It’s the same for me, I feel quite similar. I don’t think I’ll have a partner at all in the future which seems a bit bleak.
I don’t like the thought of being dependent on being with parents for social need weirder.
I’m the same way. After being single for most of my twenties I don’t think I’m valuable to potential partner because I have no income and can’t provide now nor in the future. I also don’t really know how I’m supposed to afford housing for myself in my life (for my own self). I feel like I am cut off from living an ordinary life.
You’ve got to find your worth.
I do by self discipline with food and studying. And walking.
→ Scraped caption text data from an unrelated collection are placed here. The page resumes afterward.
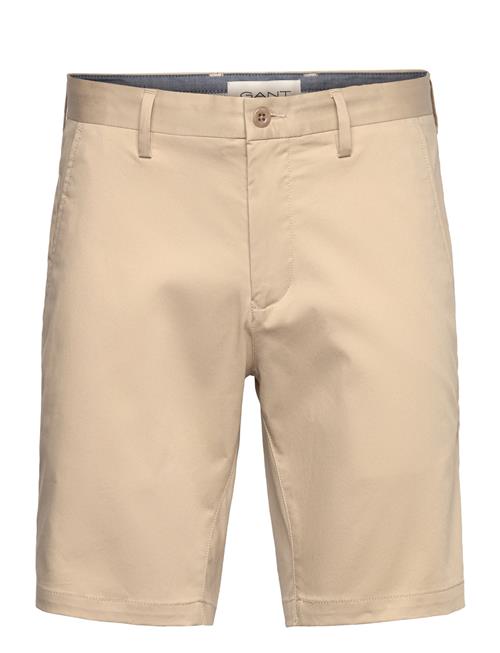 GANT | Slim Sports Shorts | 36
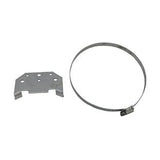 Lewmar Qualifies for Free Shipping Lewmar Motor Bracket #589064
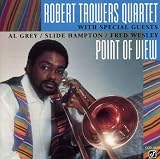 Point of View by Robert Trowers
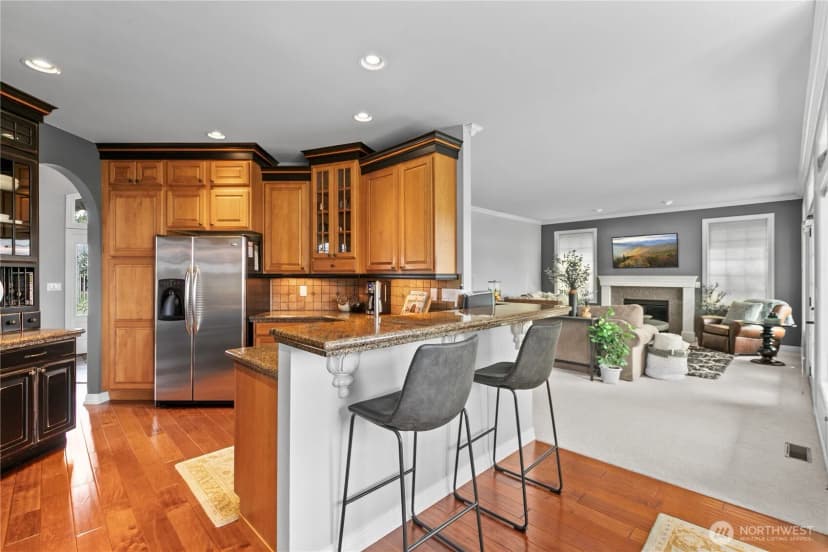 Property photo for 449 Island Green Way, Lynden photo 10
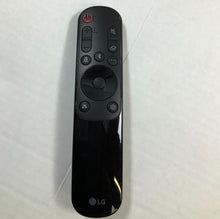 Load image into Gallery viewer, LG SC9S 3.1.3 Channel Soundbar with Wireless Subwoofer – "pick up only" "READ"
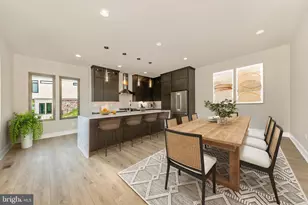 6742 Accipiter Dr, New Market, MD 21774 - Photo 17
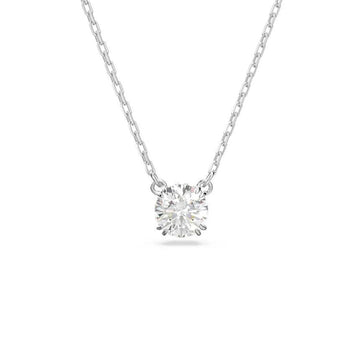 Swarovski Constella Pendant 5636706 35793236 [P]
It’s ever so hard because I am an addict but that is my way to find my worth
Ofcourse you are worthy. You are a human being.
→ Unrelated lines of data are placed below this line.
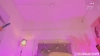 Capture at 2025-10-15 06:36:34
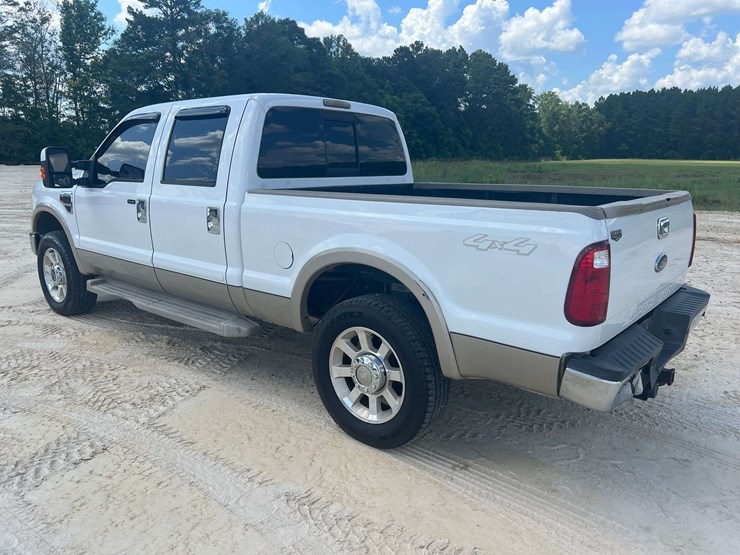2008-ford-f250-king-ranch-image-2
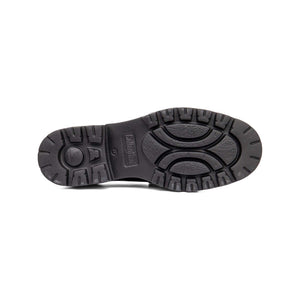 32911 | AVE 1.3MM / NEGRO | ISASA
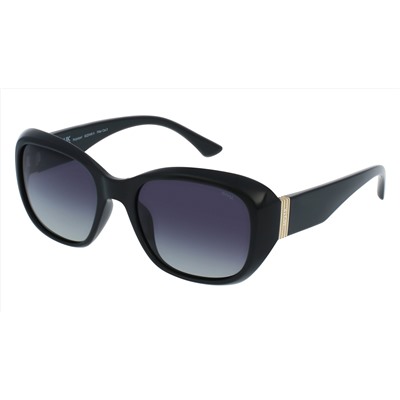 Солнцезащитные очки INVU IB22446A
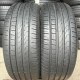 225/45 R19 PIRELLI CINTURATO P7 RUN FLAT 6mm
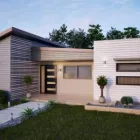 Business 3 image KELLETT DESIGN GROUP Drafting Perth in Balcatta WA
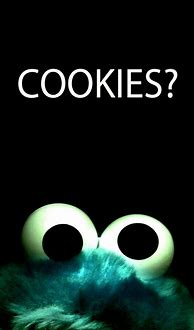 Image result for Funny iPhone Backgrounds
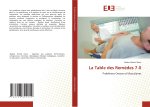 La Table des Rem?des 7.0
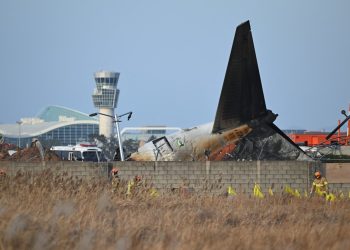 BA, PLTR, MSTR and more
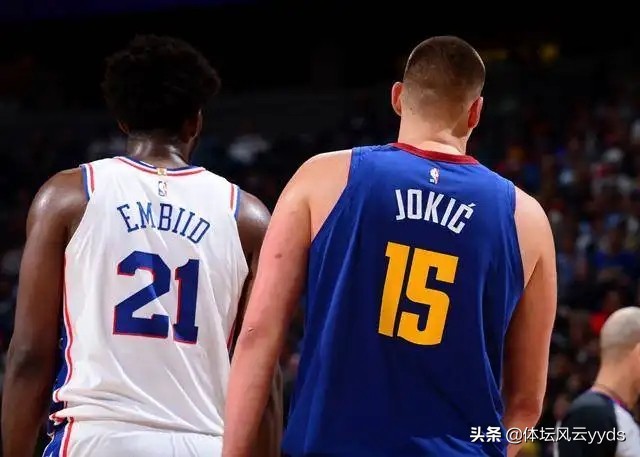 nba唐斯2024全明星,nba唐斯这个赛季打的怎样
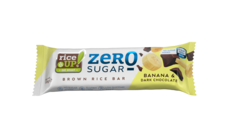 18096_Banana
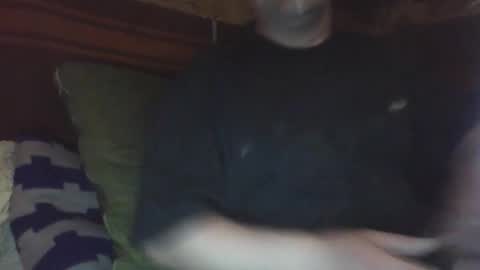 errgis online show from May 3, 1:14 pm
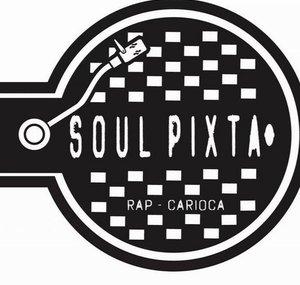 Soul Pixta
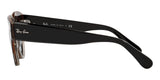 Ray-Ban Roundabout RB 2192 1322/41 Sunglasses
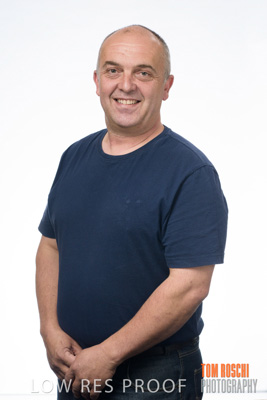 November 2018 / Dave_MUNRO_181127__81P1841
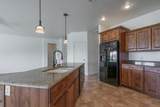 1574 Sugar Plumb Ln - Photo 32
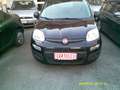 Fiat Panda Panda III 2021 1.0 firefly hybrid City Life s Schwarz - thumbnail 1
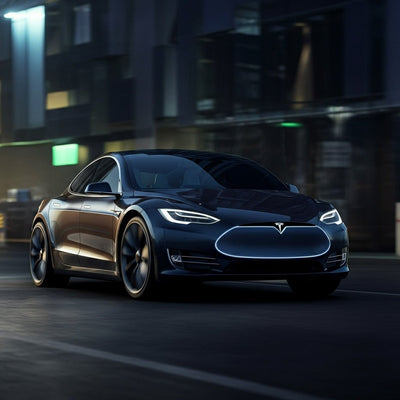 Tesla erhöht den Robotaxi-Tarif im Zuge der Erweiterung des Servicebereichs auf 6,90 US-Dollar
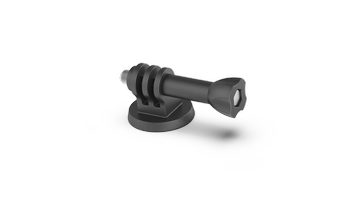 Wiral Action Camera Mount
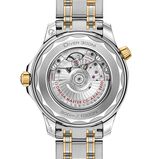 Seamaster Diver 300 Co-Axial Master Chronometer 42mm, , hi-res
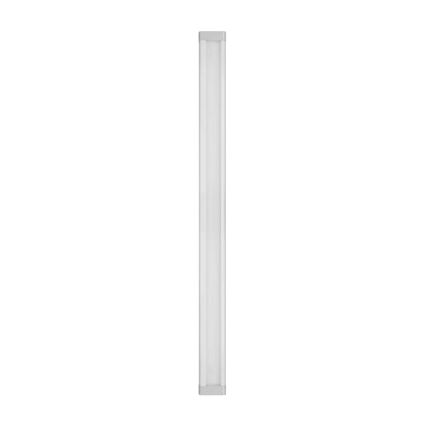 Ledvance - SETTI 2x LED  Himmennettävä kaapinalusvalaisin anturilla CABINET  LED / 18W / 230V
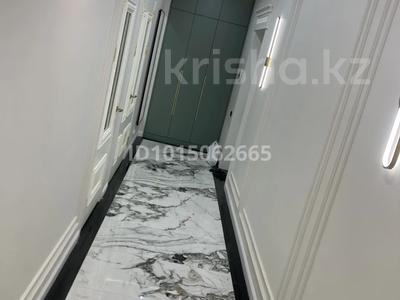 2-бөлмелі пәтер · 68 м² · 11/16 қабат, Назарбаев 55 — Метро супер маркет, бағасы: 380 000 ₸ в Шымкенте, Туран р-н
Don’t cave into the opinion of the minority who think ill people are unworthy.
Take care!
I mean I know I’m worthy but I don’t feelllll it unless I do certain things and practice certain thinking patterns.
That’s just me.
I hope it helps
Yeah. I hear that. I don’t know how I’ll fund my own life. Be it rent for a home or income for daily living expenses.
Luckily I am somewhat okay with living with family for the rest of my life. It’s not fun and desiresble but it can work. I hope it doesn’t be like this but I do have to keep my expectations realistic.
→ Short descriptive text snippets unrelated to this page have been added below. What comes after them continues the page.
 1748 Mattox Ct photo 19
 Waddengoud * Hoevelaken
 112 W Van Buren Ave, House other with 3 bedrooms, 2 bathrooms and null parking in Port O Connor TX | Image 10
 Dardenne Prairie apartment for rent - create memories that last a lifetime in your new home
A family would be lovely, but that happening has chances against us. You and me have both accepted this and I think that is good for us.
We will get things in good measure, god, luck and karma usually work like that.
You really don’t know that for sure.
Psychosis passes, things change. Life gives you chances and opportunities. Things often get better.
You worry about society, society is made up of individuals. Some are good some are bad. Some are tolerant and others aren’t. You can’t lump the whole society or country or world into one entity that’s not going to like you. Some people really are jerks and ignorant idiots but just try to avoid them and focus more on the many, many good people out there who don’t cause trouble.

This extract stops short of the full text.